Lightly sand the chalk paint with fine sand paper, taking extra care on areas that had insulating primer and the caning.
This isn’t the most professional how to. As the sofa will be rarely used and the springs seemed secured I just removed the grotty covering fabric, secured the webbing then recovered in a heavy weight piece of upholstery fabric that I had.
It was a leftover from a previous upholstery job. The fabric had a fire proofed backing which had a plastic like feel. I’m hoping this does the job, but if not I’ll have to redo this part. At present though I’m on a deadline for Noël.
If it does need redoing I’ll put a note here and a link to how I handled it.
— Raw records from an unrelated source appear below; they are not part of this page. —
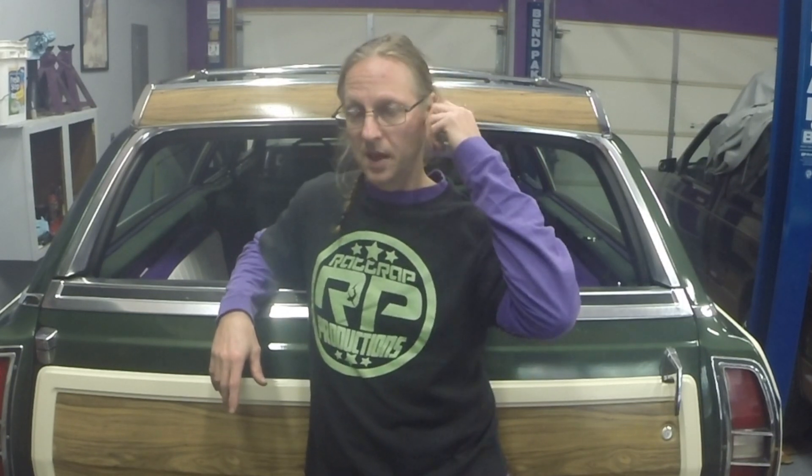Next year will be rear suspension and whatever else fails that needs to be replaced — like the radiator, which I did not plan on doing; it just kind of popped up with a leak. Bada boom, bada bing. Rat Trap Productions, we show you how to do stuff. This is what I've done so far on the 1971 Ford Country Squire, the Bandwagon. Peace.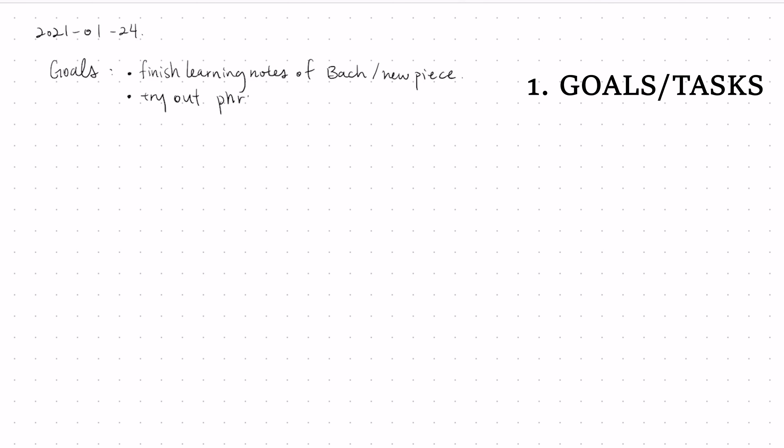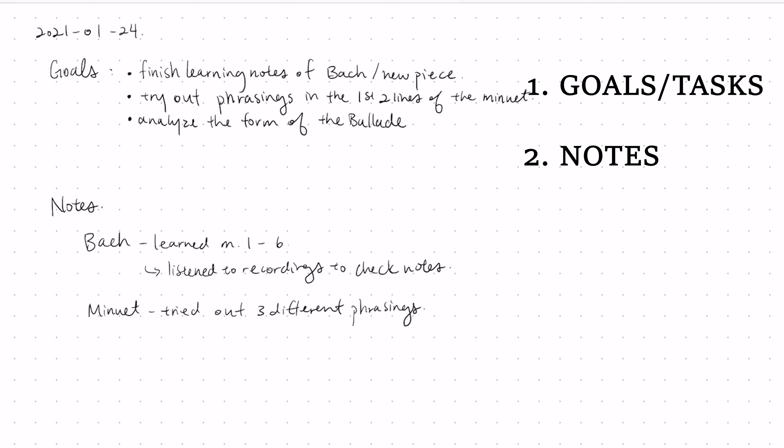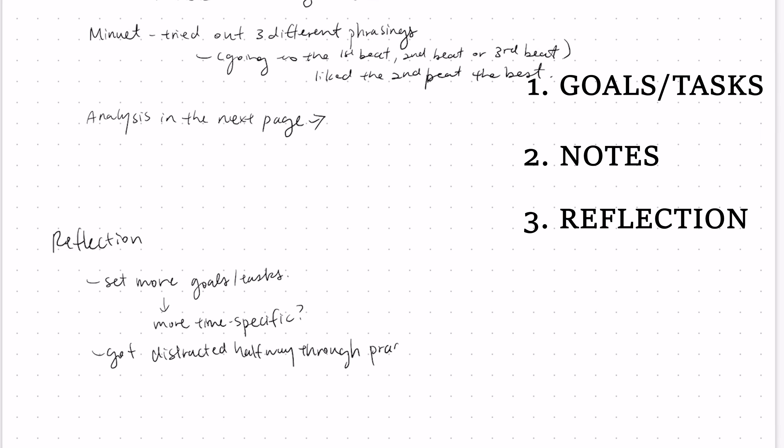So typically what goes into a practice journal includes, but is not limited to: tasks and goals for your practice sessions, notes during your practice, observations as you try things out, and what you experiment with.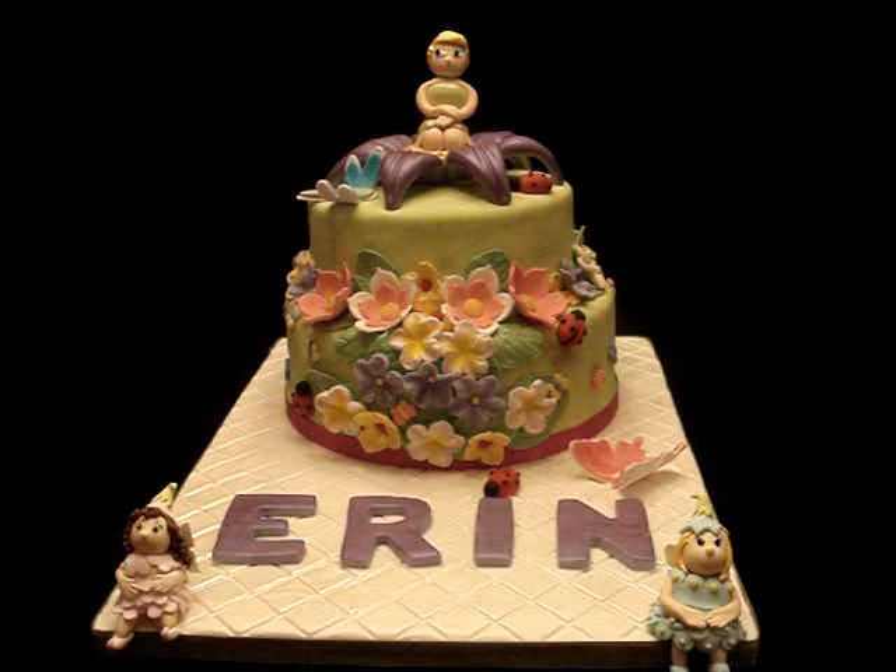Hello guys, this is Mayan and this is the latest cake that I've made. It is kind of a fairytale garden, a wild garden inspired cake and it's for the first birthday of Erin, who is also one of our goddaughters and this is our gift for her.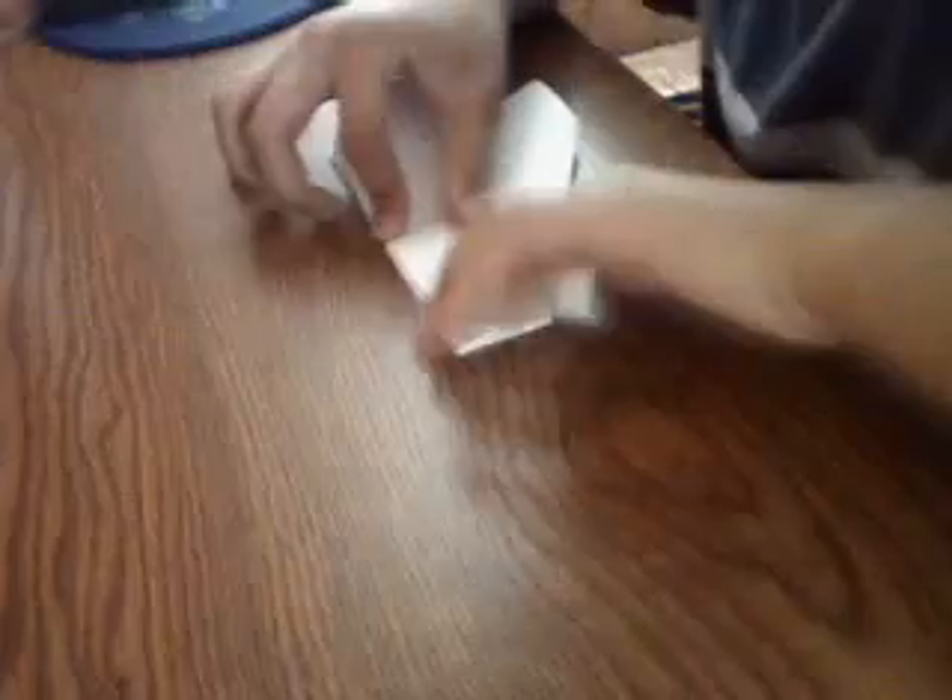Now what you do is open it and take this piece and fold it down along the bottom. Then fold again on the other side.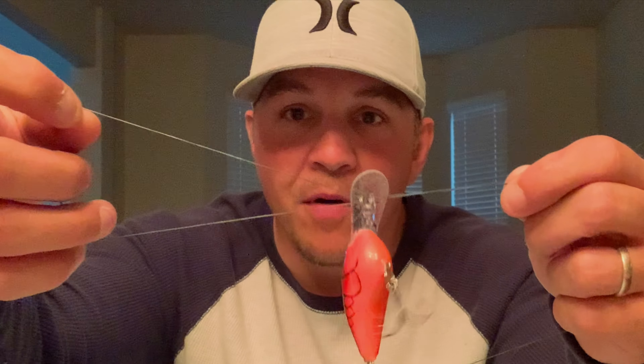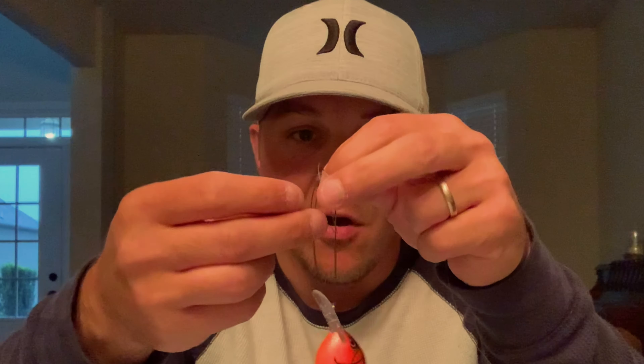We're going to take the line and go through the split ring, then take it back through the split ring again. What you're going to have is a loop and the tag end. It always gets more confusing with hooks. So you can see you have a loop on one side and two pieces on the other side. Then all you're going to do is make an overhand knot with these two things aligned, and don't cinch it up yet.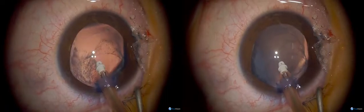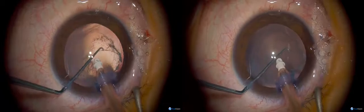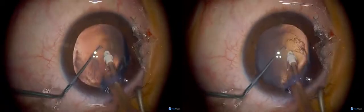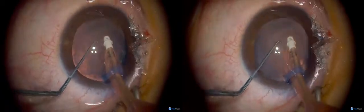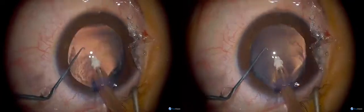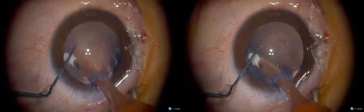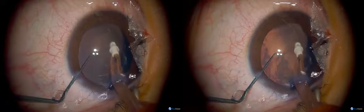It looks to me like he's got some sort of breach in the posterior capsule here. There's a little — it looks like another membrane there. So maybe that's why he's got a cataract — he may have had a breach in the capsule from trauma or something. It's difficult to know what to do with that because I'm not sure if it's part of the posterior capsule or what.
Add padding and base upholstery
I added extra padding to make it more comfortable. As I said in the post on making an extra large, coffee table ottoman, I often recycle washed, worn quilts to use in various soft furnishing projects. I just used some of it like batting prior to covering it with the same fabric as the underneath.
Adding the first layer of upholstery
I’d already used the original fabric as a template and cut another piece, leaving an extra inch around the outside whilst cutting.
I started stapling at the back, tucking the edge of the fabric under and stapling it in the middle of the setee first.
Immediately stapling the opposite edge, keeping it taught. Do that all around the outside.
Using a clean, round headed brush apply the sealing wax a little section at a time, then polishing with lint free cloths before moving onto another section. Do the caned area too.
After covering the cushions this is what the little setée looks like….
I haven’t included a how to for the cushions as the technique is pretty much the same for the fitted chair.
What do you think? You can see it’s next to the round table I re-painted. It suits the style of the room so much more now. I keep this largish, dining table in here as I love to display lots of family photos like this.
The room is really developing that American French Country style now don’t you think?